Christ pointed out the man missed the mark ie :sin of the First and greatest commandment. 

here is a great writing done in regards to things we are talkign about

Is anyone familiar with Stephen Clarke? He wrote it..

{Link to heretical arrogant garbage removed - FTG}


Joseph

[Edited on 4-15-2005 by The Lamb]

[Edited on 4/15/2005 by fredtgreco]


----------



## wsw201

Joseph,

I read parts of the article and found it less than compelling and really don't see the point as to how the article fits in with this discussion. Second, as Jeff has stated, Adam did not need to be saved! There is nothing in our Creeds or Confessions that even come close to saying the Adam needed to be saved. 

One point that needs to be made regarding Adam and Eve is that yes they were made righteous but they were not made immutable. That is why they could sin. Immutablity is an incommutable attribute of God.


----------



## seansgame

> _Originally posted by wsw201_
> Joseph,
> 
> I read parts of the article and found it less than compelling and really don't see the point as to how the article fits in with this discussion. Second, as Jeff has stated, Adam did not need to be saved! There is nothing in our Creeds or Confessions that even come close to saying the Adam needed to be saved.
> 
> One point that needs to be made regarding Adam and Eve is that yes they were made righteous but they were not made immutable. That is why they could sin. Immutablity is an incommutable attribute of God.



The immutability point was already made, but nobody ever listens to me.  I may start sucking my thumb if I get any more insecure.


----------



## The Lamb

> _Originally posted by wsw201_
> Joseph,
> 
> I read parts of the article and found it less than compelling and really don't see the point as to how the article fits in with this discussion. Second, as Jeff has stated, Adam did not need to be saved! There is nothing in our Creeds or Confessions that even come close to saying the Adam needed to be saved.
> 
> One point that needs to be made regarding Adam and Eve is that yes they were made righteous but they were not made immutable. That is why they could sin. Immutablity is an incommutable attribute of God.

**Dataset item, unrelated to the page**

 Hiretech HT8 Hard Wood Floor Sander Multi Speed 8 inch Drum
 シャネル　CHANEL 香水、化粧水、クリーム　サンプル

The article speaks of the condition of Adam. IT goes into detail in regards to the theme of this thread has taken.

Then the creeds and confessions are wrong on this point. Adam had no need to be saved? There was no purpose in Gods mind? This probationary period is mere specualtion. I believe he had an eartly righteousness, but not a spiritual righteoiussness.. 

How does immutability factor in? If adam was sinless, then that includes him with Christ. 


Adam was made upright - but his uprightness was not like that of Christ's. Adam was perfectly righteous according to the laws which he was aware of in my opinion. But he was lacking a Divine Righteousness. He had no communion with the Lord in this sense. Adam did not worship the Lord, nor does the Bible ever say that he did!

I believe he was made with a proclivity to rebel when the circumstances were made available. Before eve was deceived by Adam, he did not see or desire to rebel against God as his environment was perfect from his perspective. When he saw eve's deception by Satan, his love for her (being greater than his "love" for God) motivated him to plunge himself into rebellion against God for her sake. It was at this point which the "fall" took place, but this fall was not a fall as the traditionalists tend to describe. This fall was a fall from his natural or earthy righteousness and it was more a revealing to Adam the condition of his heart than anything. It was at or shortly after this moment he was quickened and the restoration process (which was far more than a return to his original state) on the part of God was begun in Adam's life.

Man's creation in the 'image of God' cannot refer to an ontological or sinless perfection of man, precisely because after the flood man still retained the image of God (see Gen. 9). This is the very reason the death penalty was instituted by God as the just punishment for pre-meditated murder in all of human creation. Man was still in the image of God at that juncture, as he always has been since. So the 'image of God' means something else.


The gospel is intended to redeem man, so if Adam was created sinless then the gosple would not apply to him until he sinned.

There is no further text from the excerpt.